With the boom bringing a lot more money and attention to A.I the reasoning abilities will probably improve but until it's good enough we'll need people who can actually understand code. Once it's good enough then we don't really need people like Jensen Huang since robots can do whatever he does but better.
GPT4 (the preview) still produces code where it adds variables that it never uses anywhere... and when I asked one time about one variable, it was like, "Oh, you're right, let me re-write the code to put variable X into use", then just added it in a nonsensical location to serve a nonsensical purpose.
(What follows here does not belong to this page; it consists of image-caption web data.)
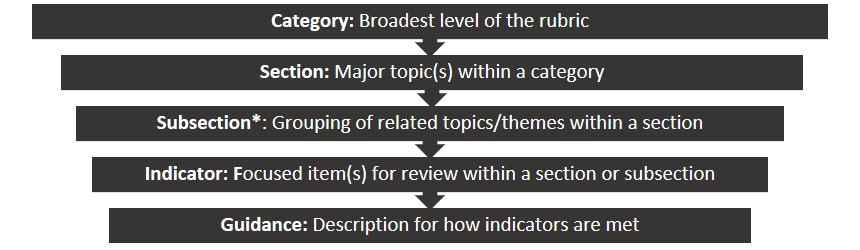 Rubric Structure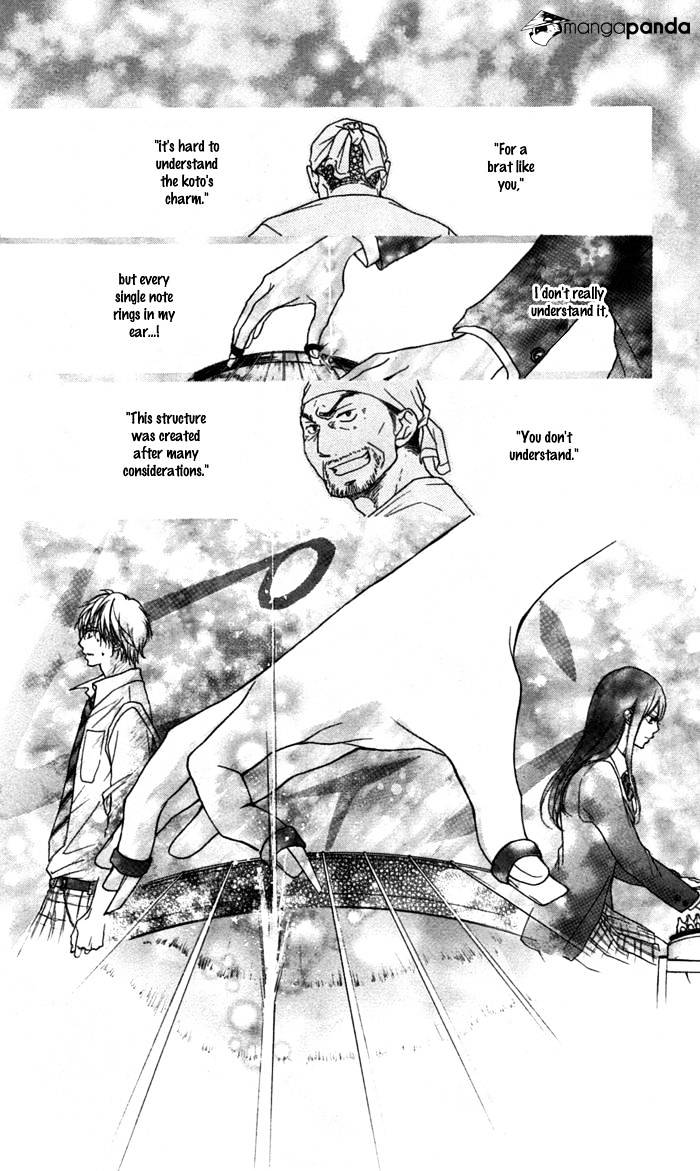 Page 38 of Chapter 2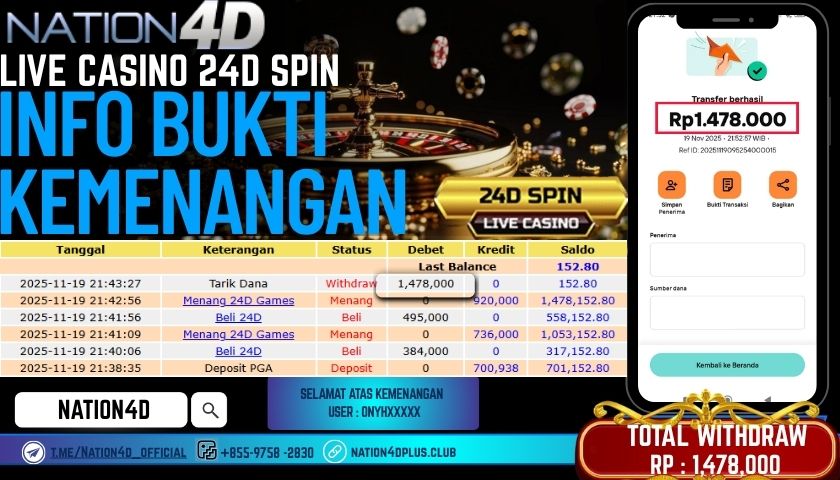 NATION4D -LIVE CASINO 24D SPIN RP.1,478,000 LUNAS!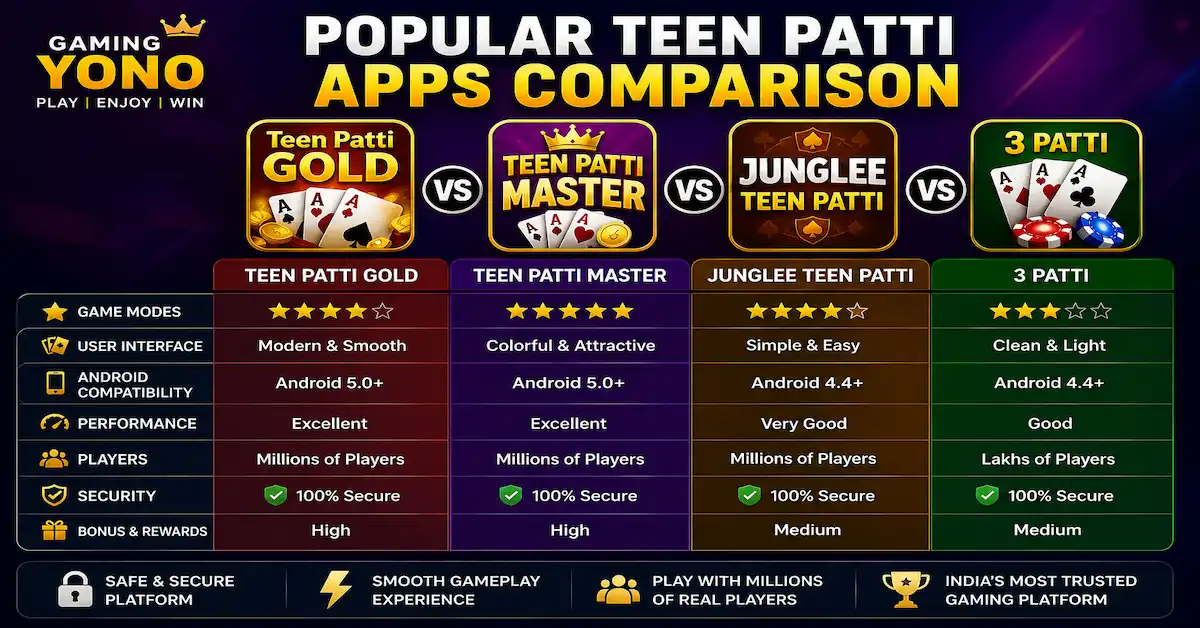 Popular Teen Patti Apps Comparison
Yeah, tell kids not to learn how to code so that way they can't understand what your products actually do so you can claim plausible deniability to them that they aren't sucking up all your data like a hoover.
Bullshit. Even if AI were to fully replace is software developers (which I highly doubt), programming is still a very useful skill to learn just for the problem solving skills.
I use chatgpt for coding (millennial). You still need to know how to code though, because 50% of the time it doesn't work properly. You need to explain the nature of your variables, and the overall process you want to achieve. But I still save a good amount of time, because now I don't need to remember the specific syntax for a particular function, and it has saved me reading documentation because in can tell how some functions work by context.
Not learning how to code because of ai is like not learning math because there are calculators, sure, you don't need to know the multiplication tables by heart, but you need to know what multiplication is and how it's used to solve real world pringles.
i use chatgpt for coding (i can code myself but it helps with a lot of stuff), and if I wouldn't be able to code i would wonder why nothing works. but because i know how to code i know that chatgpt is often just writing horrible code which often does something completly else than asked. so i often think "screw this i do it myself" after countless trys to let chatgpt fix it.
Isn't this basically "CEO of AI hardware company says that more people should use AI"? Not really news, since you wouldn't really expect him to say otherwise.
I use LLMs daily to code but the more complex the issue is I try to solve the more work I have to do to get it to actually produce what I need. I feel like at some point we will get to where UML failed…it will just be easier to write the code.
But I don’t like writing long Linq queries or Angular templates or whatever, it does that quite well (70% of the time it is 70% correct or so). So it takes over the part of coding I dislike.
So no just being able to write code might be unnecessary but that’s like 10% of my day.
Writing single functions just isn't the hard part of programming in the vast majority of programs, the hard part is managing a project in a maintainable, robust, and extensible way.
I think my take is, he might be right. That is that by the time kids become adults we may have AGI and we'll either be enslaved or have much less work to do (for better or worse).
But AI as it is now, relies on input from humans. When left to take their own output as input, they go full Alabama (sorry Alabamites) with their output pretty quickly. Currently, they work as a tool in tandem with a human that knows what they're doing. If we don't make a leap from this current iteration of AI, then he'll be very very wrong.